• **Exercise description**: Copy the data exactly; pictures stay out of the copy.

• **Data below**:
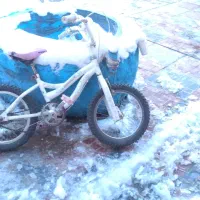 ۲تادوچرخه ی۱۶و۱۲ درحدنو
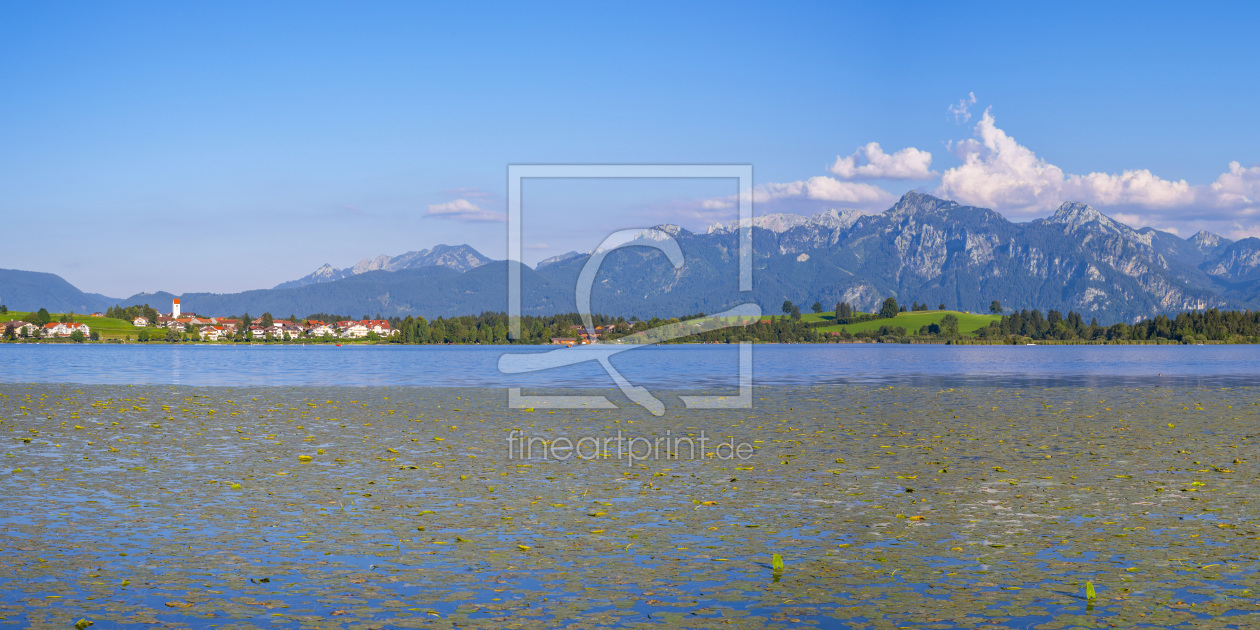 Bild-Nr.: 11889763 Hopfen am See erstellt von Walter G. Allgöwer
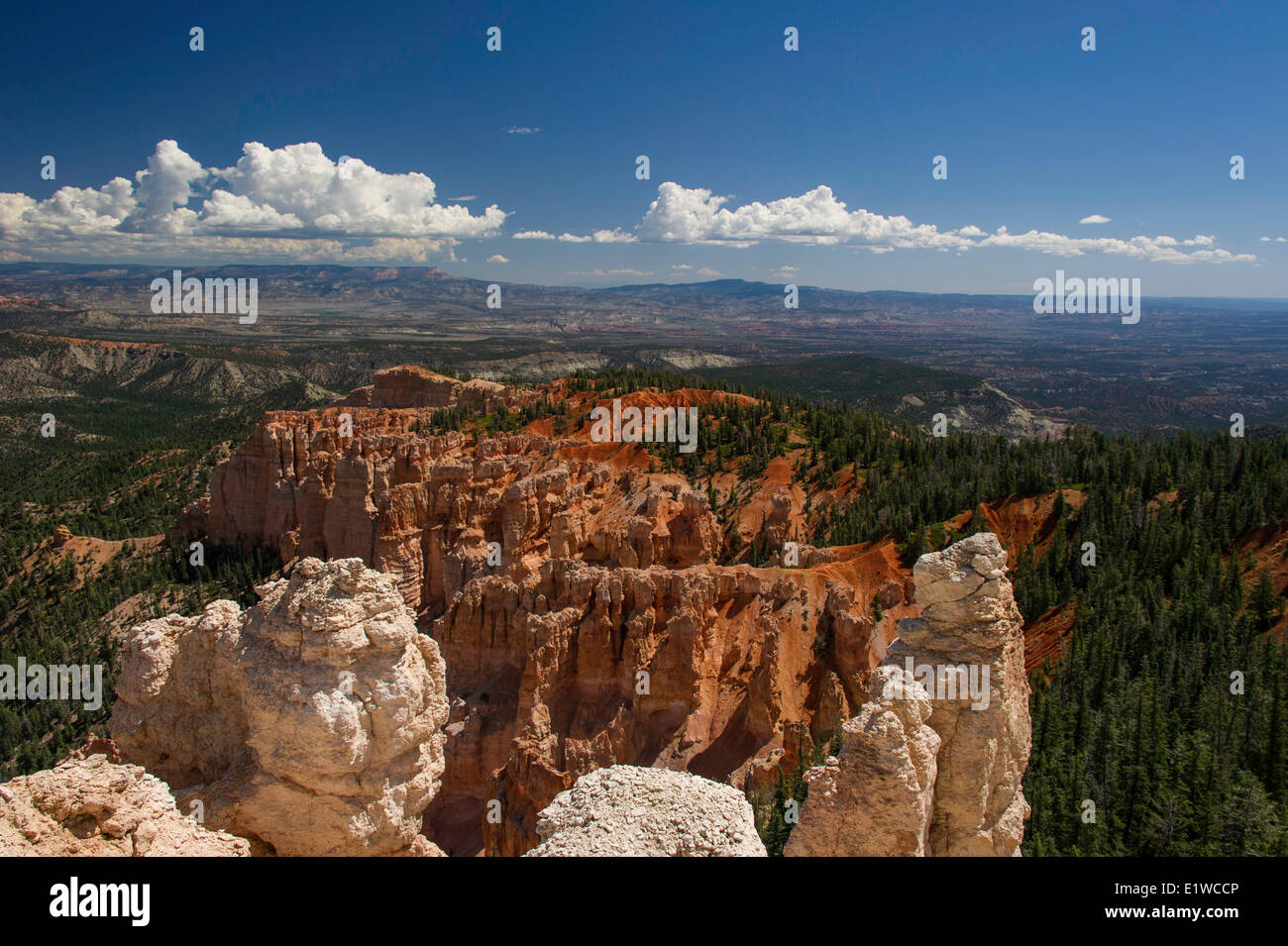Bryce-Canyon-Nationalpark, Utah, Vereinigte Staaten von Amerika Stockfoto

• **Result of the task**:
 ۲تادوچرخه ی۱۶و۱۲ درحدنو
 Bild-Nr.: 11889763 Hopfen am See erstellt von Walter G. Allgöwer
Bryce-Canyon-Nationalpark, Utah, Vereinigte Staaten von Amerika Stockfoto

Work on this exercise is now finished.